A little while ago Duncan Epping posted a great article titled Distributed vSwitches and vCenter Outage What’s the Deal, which generated some good debate. A few people that commented on the article including myself have experienced situations where after a failure the host nukes the VM VMware vNetwork Distributed Switch (vDS) networking on the ESXi Host and does not allow VM’s to connect to the network. This complicated the recovery quite a lot as you can imagine. The reason VM’s couldn’t connect to the network in the cases mentioned in the post comments after the failures is due to a little known problem, which is currently the Achilles Heel of the vNetwork Distributed Switch networking. Fortunately there is an easy solution. (As of Build 716794 this problem is meant to be fixed)
The below is good background for anyone running vSphere prior to build 716794. The problem described is fixed in build 716794, so if you are on the latest patches of vSphere 5 it should not be a problem any longer.

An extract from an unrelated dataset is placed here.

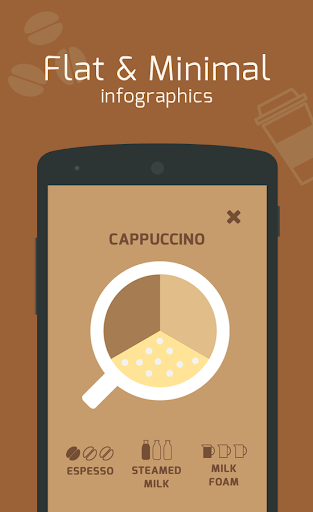 免費下載生活APP|Cuppa101 - Coffee Guide app開箱文|APP開箱王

Each vSphere Host relies on data that is stored on the datastore (.dvsData) where the VM’s working directory is located in order to connect VM’s to a vDS when vCenter is unavailable. This is what allows the vSphere Hosts to work completely independently of vCenter. If vCenter is unavailable VM networking will not be impacted. However if .dvsData it is not available at boot time, or when the management services are started, the VM’s cannot connect to the network. You may see in these situations in the vSphere Client GUI when connected directly to the host “Invalid Backing” reported, if you go into Edit Settings. This situation should be rare and you have to basically have a perfect storm of problems for this event and problem to occur, such as a full site power outage or a storage network failure. My article titled When Management NIC’s Go Down is a good example of the type of failure, other than a full power outage, that could cause these situations.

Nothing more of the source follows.